Introduction
Global mental health (GMH) seems to enjoy increasing visibility in the global health and development discourse. We see an amazing and growing interest of academia which multiplies summer courses, masters, diplomas and of course, grant applications. The simple presence of the words ‘mental health’ in few lines of the large UN Sustainable Development Goals document has created an immense excitement. WHO has pursued in a coherent way the cycle initiated in the year 2001 with the World Health Report (WHO, 2001) devoted to mental health with several and useful documents and guidelines culminating in 2013 with the important Mental Health Action Plan 2013–2020 endorsed by all member states (WHO, 2013).

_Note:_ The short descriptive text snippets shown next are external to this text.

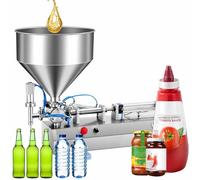 Aioneer Paste Filling Machine,Automatic Paste Liquid Filling Machine,Pneumatic Filling Machine,Quantitative Filler Machine,Stainless Steel Bottle Filling Machine,25 Bottles/Min,F-300ml
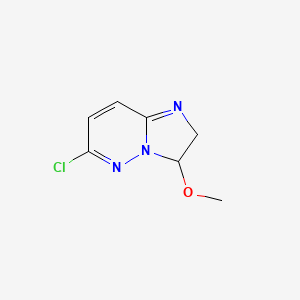 6-Chloro-3-methoxy-2,3-dihydroimidazo[1,2-b]pyridazine hydrochloride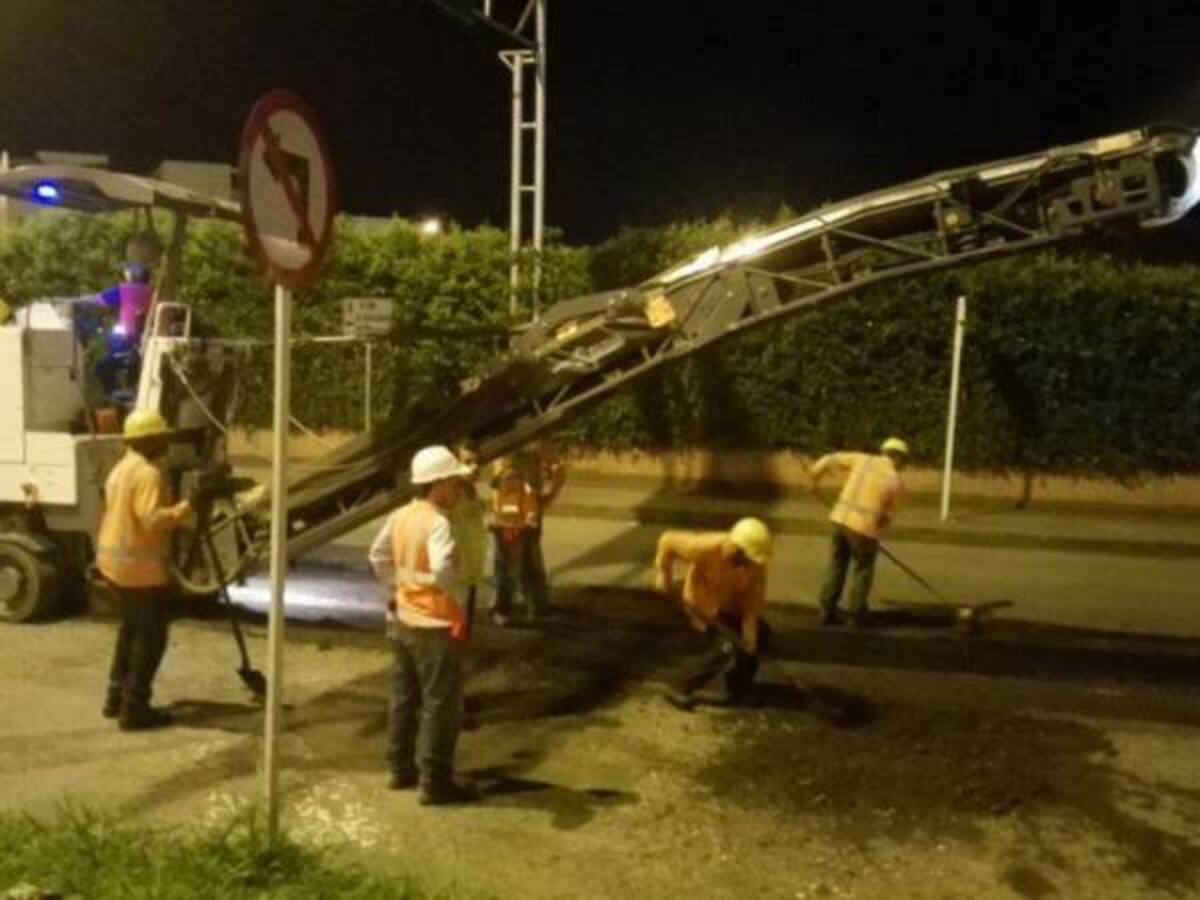 Tapan huecos en el sector de El Viajero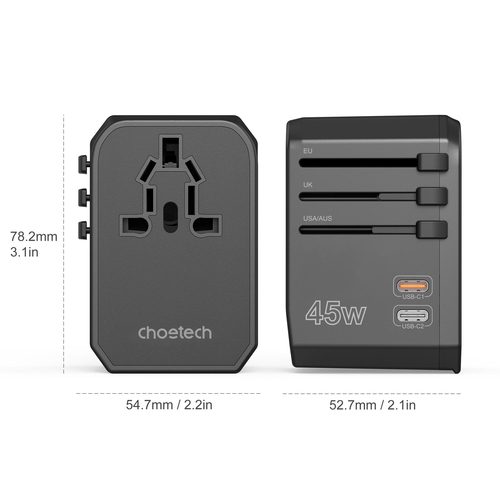 Chotech PD45W 2C+2A Travel Wall Charger (11)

With the goal of putting mental health at the centre of global health and development priorities, the World Bank Group and WHO co-hosted the meeting ‘Out of the Shadows: Making Mental Health a Global Priority’ in Washington, DC (World Bank Group/International Monetary Fund spring meetings 13 and 14 April 2016, Washington, DC). This event aimed to increasing awareness about mental health as a development challenge and the associated economic and social costs of inaction. Following the first Global Summit held in Los Angeles, in May 2017, a second Global Summit on Mental Health Culture Change, was hosted in London by the UK government (Global Ministerial Mental Health Summit, 11–12 October 2018, London). The London Summit gathered together outstanding scholars, some government officials and stakeholders, to focus on removing cultural biases that affect how people think and talk about mental health. The London Summit was also the occasion for the launching of the Lancet Commission on Global Mental Health (Patel et al., Reference Patel, Saxena, Lund, Thornicroft, Baingana, Bolton, Chisholm, Collins, Cooper, Eaton, Herrman, Herzallah, Huang, Jordans, Kleinman, Medina Mora, Morgan, Niaz, Omigbodun, Prince, Rahman, Saraceno, Sarkar, De Silva, Singh, Stein, Sunkel and Unutzer2018). Indeed, it seems that GMH has entered a golden time. However, this visibility implies also the urgency of addressing a few questions about new priority setting in the domains of policy, care delivery, services organisation and research.
Challenging questions
Nevertheless, even before trying to answer these questions, rethinking more deeply the notion and the implications of GMH seems to be a useful collective exercise.
Indeed, some challenging questions must be at the core of this exercise which ideally should be run as a candid and unbiased public debate.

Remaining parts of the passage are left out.